🤖 AI Summary
In uncalibrated monocular dense RGB SLAM, projective ambiguity causes submap alignment failure, degrading geometric consistency and map completeness—particularly in long sequences where VGGT-based methods are constrained by GPU memory.
Method: We propose the first dense monocular SLAM framework formulated on the SL(4) manifold, jointly optimizing globally consistent submap alignment and loop closure constraints within the 15-degree-of-freedom projective transformation space. Unlike conventional similarity transformations (SE(3) × ℝ⁺), our approach explicitly models and eliminates scale and projective ambiguities induced by unknown camera intrinsics. The system integrates VGGT-based feedforward scene reconstruction, incremental submap building, projective-geometric constraints, and loop closure correction—without requiring prior knowledge of camera parameters.

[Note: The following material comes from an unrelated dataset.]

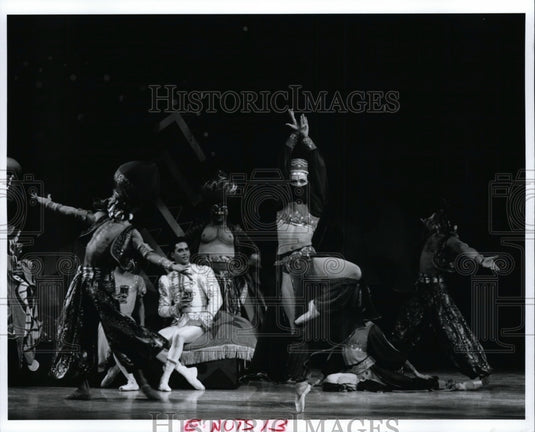 1997, Raymond Rodriguez and Joanne Jaglowki in The Nutcracker. - Historic Images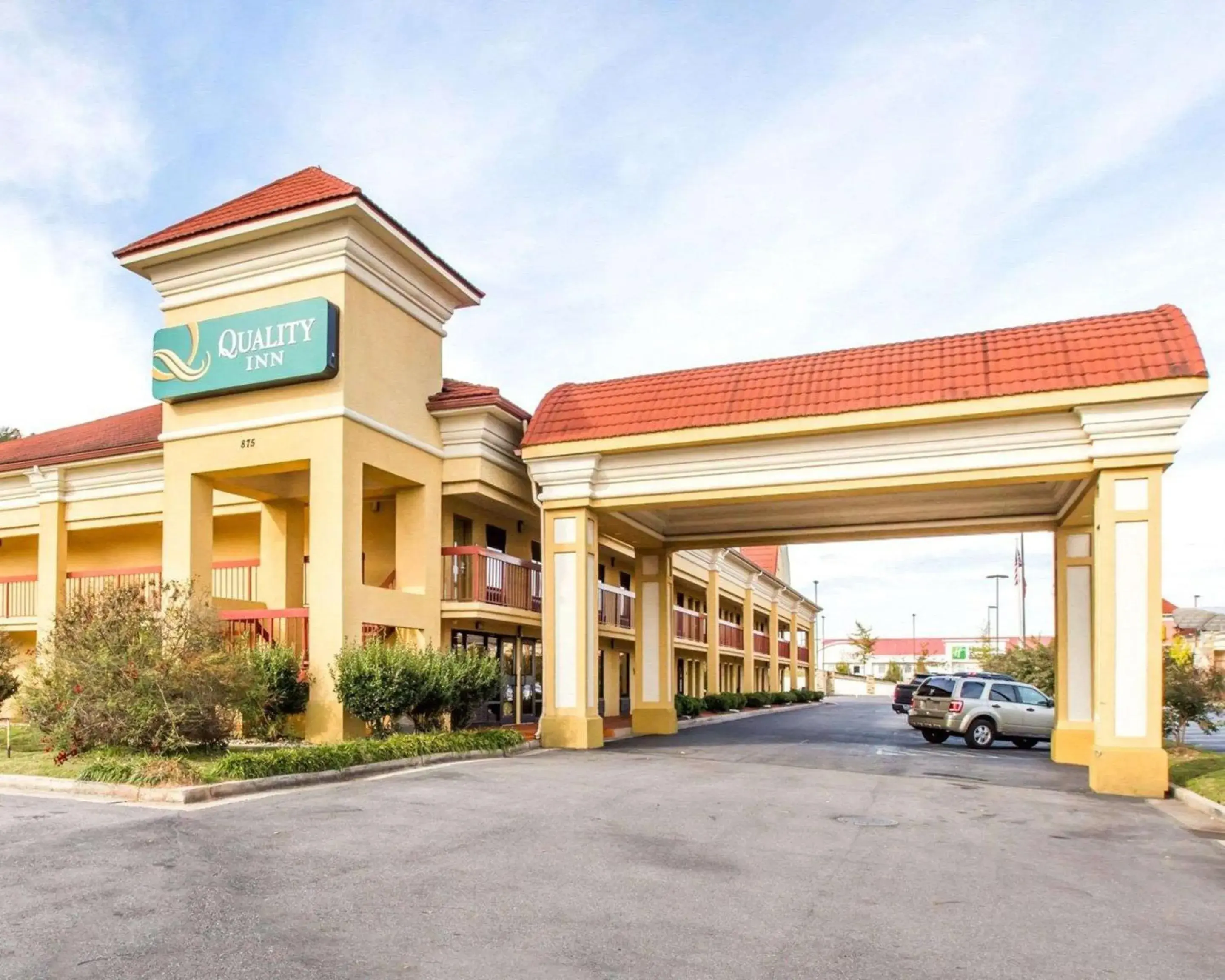 Property building in Quality Inn Dalton Central Property building in Quality Inn Dalton Central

Contribution/Results: Our method significantly improves dense map completeness and geometric consistency over long sequences, overcoming VGGT’s practical limitations in processing extended video streams under memory constraints.
📝 Abstract
We present VGGT-SLAM, a dense RGB SLAM system constructed by incrementally and globally aligning submaps created from the feed-forward scene reconstruction approach VGGT using only uncalibrated monocular cameras. While related works align submaps using similarity transforms (i.e., translation, rotation, and scale), we show that such approaches are inadequate in the case of uncalibrated cameras. In particular, we revisit the idea of reconstruction ambiguity, where given a set of uncalibrated cameras with no assumption on the camera motion or scene structure, the scene can only be reconstructed up to a 15-degrees-of-freedom projective transformation of the true geometry. This inspires us to recover a consistent scene reconstruction across submaps by optimizing over the SL(4) manifold, thus estimating 15-degrees-of-freedom homography transforms between sequential submaps while accounting for potential loop closure constraints. As verified by extensive experiments, we demonstrate that VGGT-SLAM achieves improved map quality using long video sequences that are infeasible for VGGT due to its high GPU requirements.